The same ingenuity was there after the war, when people decided to apply it to some other goal than blowing each other to bits. The new ways to make things were also available, ways which had been designed with maximum productivity in view, and without a second thought for possible "manpower surpluses" that the war effort then would have been more than ready to absorb. In peace time though, more productivity would mean unemployment unless a huge demand would appear for all types of goods. The demand was there all right, due to all the destruction in Europe and all the delayed aspirations in the United States; the only anxiety was about effective demand and money distribution.

The Santa Claus Approach

Planners came in laughing, with the Santa Claus approach in their briefcase. In the United States, mass credit to the Veterans came on top of all the purchasing power which had accumulated during the war and could now find an outlet, so that things got moving pretty fast; Europe was a tougher assignment, so we designed the Marshall Plan. The idea of the Marshall Plan was pure Santa Claus and very simple. The United States would give equipment, old equipment, to the countries that had been destroyed by the war, and thus would immediately provide these countries with a basic production capacity and the means to give a minimum of well-being to their population. Support from American credit would also mean credibility for the democratic governments of these countries, and allow them, at the price of some inflation, to behave as if the demand from their consumers was effective, although this demand would be backed by nothing more than an entry in American dollars on the books... and the will of the labour force of these countries to work harder.

Santa Claus, of course, also had something for the United States. The operation was an import of effective demand, and the workers in America would now have to build new equipment to replace the old equipment that was given to Europe, which made serious unemployment unthinkable. The work that would be required to do that could be financed by the U.S. Government, since it was backed by all the "wealth" that represented these loans to Europe, loans that somehow, some day, some debtor in Europe would pay back... If this operation could work, it would certainly prove that wealth was a matter of credibility and that the Great Depression had not been Global Glut but a sad misunderstanding.

It worked, to the USSR's great despair, whose own far-seeing economists had forecasted total collapse in the United States, as soon as the citizen-G.I. would return home to become a citizen-unemployed. Such was its despair, that the USSR naively begged the European nations to reject the poisonous gift, and bravely to take upon themselves the burden of more hunger and sufferings so that the hated capitalist system would crumble down once for all. This request was received with very little enthusiasm.

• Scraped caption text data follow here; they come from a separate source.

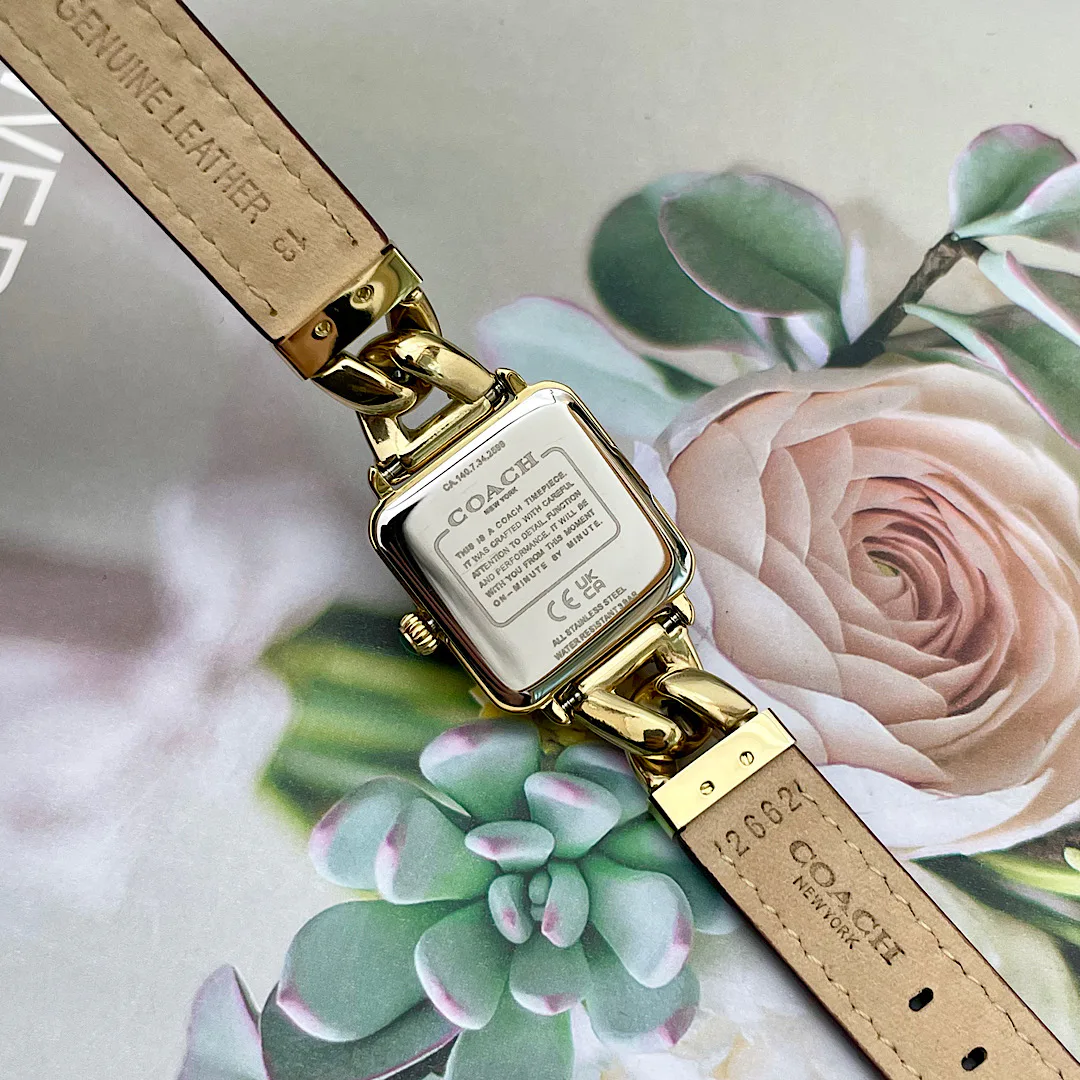 Часы Женские Coach 9177786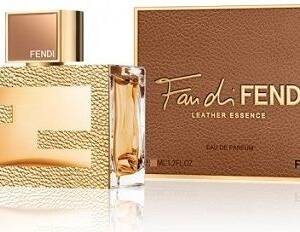Fendi Fan Di Fendi Leather Essence EDP For Women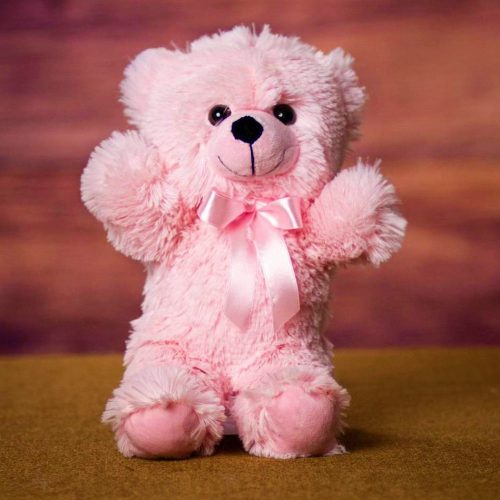 Baby Bear 12" (Pink)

The Marshall Plan worked, as did mass credit at home, but a few years later gluts and unemployment began to reappear in the United States. Nothing to worry about, it seemed. Until then, it had been normal in each new sector that had been conquered by the machine and for each new product that had been introduced, for the demand first to grow slowly as the curious and wealthy began to explore this new market, then to grow fast as average consumers moved in, to peak as mass production allowed for lower prices and the lower income groups were attracted, and then finally to stabilize and reach a plateau as the product would sell at the lowest possible price that would still bring a return on the investment and producers would adjust to cater only to a replacement market.

Around 1950 all this was old hat, and although economists still argued, investors and manpower had learned their lesson and could fly real low; they simply fought each round to the limit, then ran to another sector just conquered by the machine: that's where all the profits and the jobs were to be found. Then, suddenly, the situation began to look a little different. The production sectors had all been conquered by the machine, and all significant traditional needs were on the verge of being satisfied. Everything that could be mass-produced was already being mass-produced and mass-distributed.

This did not mean that everything that could be mechanized was already mechanized; to the contrary, technology in the coming years would improve at an increased rhythm. It meant that, from then on, the net result of all these new developments in machines could not be, like it had been before, to make affordable for the masses what had been hand-made for the few: the "masses" were already the clients!

Improved technology now, in traditional sectors, could mean no quantum jump in consumption that would make for the creation of a vast number of permanent jobs; it would only bring more productivity on the assembly lines, better quality products, all of which could mean only less sales, smaller profit expectations, less investments and, for workers, unemployment. Quantum jumps in profits and employment, from now on, could come only from the satisfaction of new "needs" that would have to be created. Production would have to break new grounds and &laqno;boldly to go where no man had gone before». Producers would have to invade the Universe of the Superfluous.

In time, consumers might develop a taste for superfluity, but we would quickly get pretty far from visceral needs and the hold of each new gadget on the consumer would be more fragile, each new addiction less convincing. With each new product on which the investors would risk their chances to become richer or broke, the trumps would be more and more in the hand of the consumers, who could "take it or leave it" when it came to electric toothbrushes in a way they never could when the deal was for food, clothes, or even stoves and fridges. The interdependency between the producers and the consumers was becoming one-sided in a way Marx had never mentioned. How many radios does even a poor man need?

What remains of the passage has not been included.